Questo il sacerdote vuole fare in mezzo a noi e, per la missione ricevuta da nostro Signore Gesù Cristo, ci sollecita continuamente a stare insieme, a volerci bene, a sradicarci dal nostro egoismo, a caricarci di amore e di una grande apertura di cuore capace di accogliere tutti, e di comprensione, di sopportazione, di mitezza, di umiltà, per sopportarci vicendevolmente. Questo è solo qualche cosa, detto un po’ confusamente, di quello che è il sacerdote nella chiesa santa di Dio, del sacerdote espressione della persona di nostro Signore Gesù Cristo.
Il sacerdote celebra un sacrificio, che non è soltanto quello eucaristico che rivolge al Padre. Il sacerdote celebra il sacrificio di nostro Signore Gesù Cristo nella propria persona con lo spendere giorno per giorno la sua esistenza per i suoi fratelli.
Gesù Cristo come è stato accolto da noi? Avete sentito dal brano del vangelo che mormoravano contro di lui perché non si lavava le mani. Capite! Si prende pretesto di tutto per contrariare nostro Signore Gesù Cristo.

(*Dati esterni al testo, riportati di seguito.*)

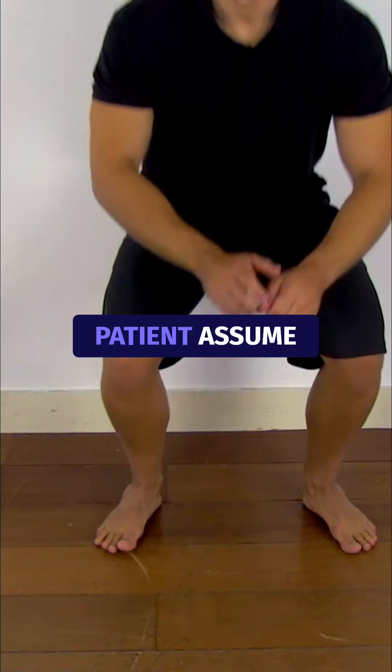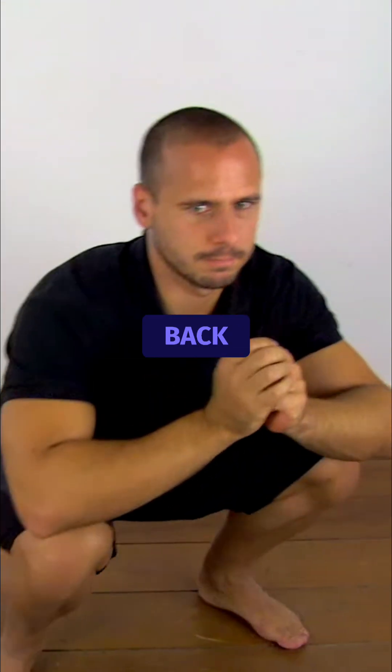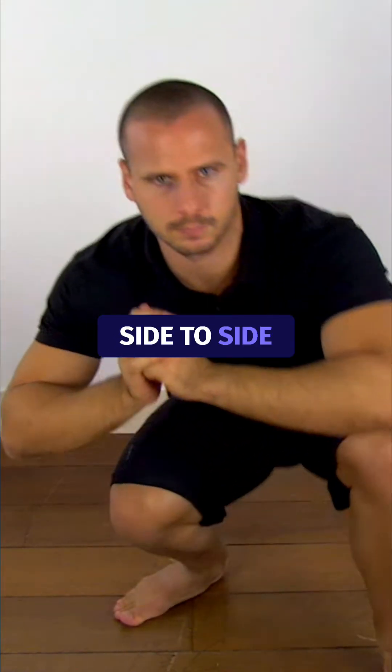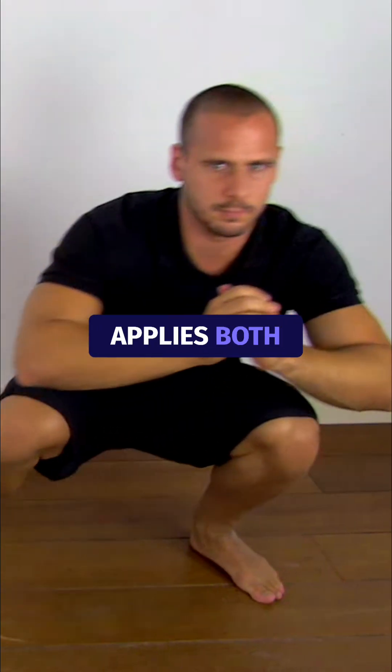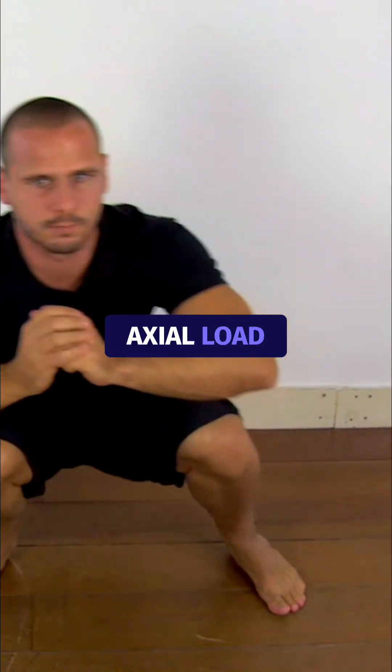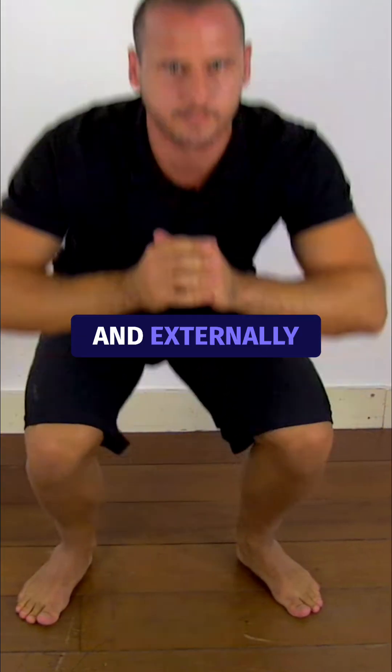To perform the duck walk test, have your patient assume a full squat position. The patient is then asked to waddle back and forth and from side to side while in a squatting position without extending the knee very much. This position applies both a flexion and axial load, and the patient actively rotates the tibia internally and externally during the waddle.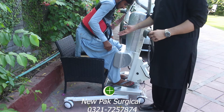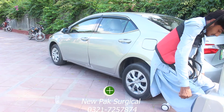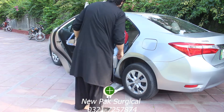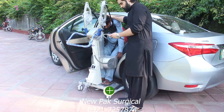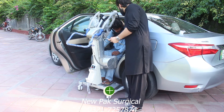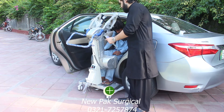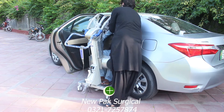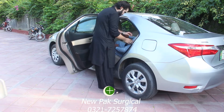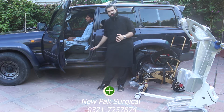As you can see, the patient is removed from the seat. Now we can move them through this. Okay, now let's assume that you have to take the patient out of a car, so you have to manage the ground clearance from the ground.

Guardate che, ogni sacerdote fedele a nostro Signore Gesù Cristo è necessariamente soggetto alle vicende di nostro Signore Gesù Cristo perciò sarà segno di contraddizione.
Gesù ha detto con molta chiarezza: non vi meravigliate, se voi mi sarete fedeli, come hanno perseguitato me, così perseguiteranno anche voi.
Allora, un segno autentico, direi, della validità del ministero di un sacerdote normalmente sono proprio le difficoltà, le contrarietà che egli incontra nell’esercizio del suo ministero.
Allora noi dobbiamo animarci sempre di più, di spirito di fede, e vedere questo nostro fratello con fede.
Il vescovo, il parroco, ogni sacerdote, è sempre vostro fratello, è come voi un figlio della carne e del sangue che ha bisogno di essere guardato con spirito di fede e con un cuore umano: con spirito di fede per vedere ciò che egli è nel nome di nostro Signore Gesù Cristo, e con un cuore umano per vederlo nella luce di nostro Signore Gesù Cristo ed essergli vicino come noi desideriamo essere vicini a nostro Signore Gesù Cristo.
Così si accoglie il sacerdote, così si vede il sacerdote, così si ama il sacerdote.
Naturalmente non è questa la raccomandazione che io volevo fare a voi questa sera, che vi raccogliete intorno al vostro don Gildo, perché so quanto lo stimate e quanto bene gli volete. E’ soltanto un invito da parte del vescovo a ravvivare la vostra fede, perché la sua presenza e la sua permanenza in mezzo a voi abbia a portare sempre maggiori frutti.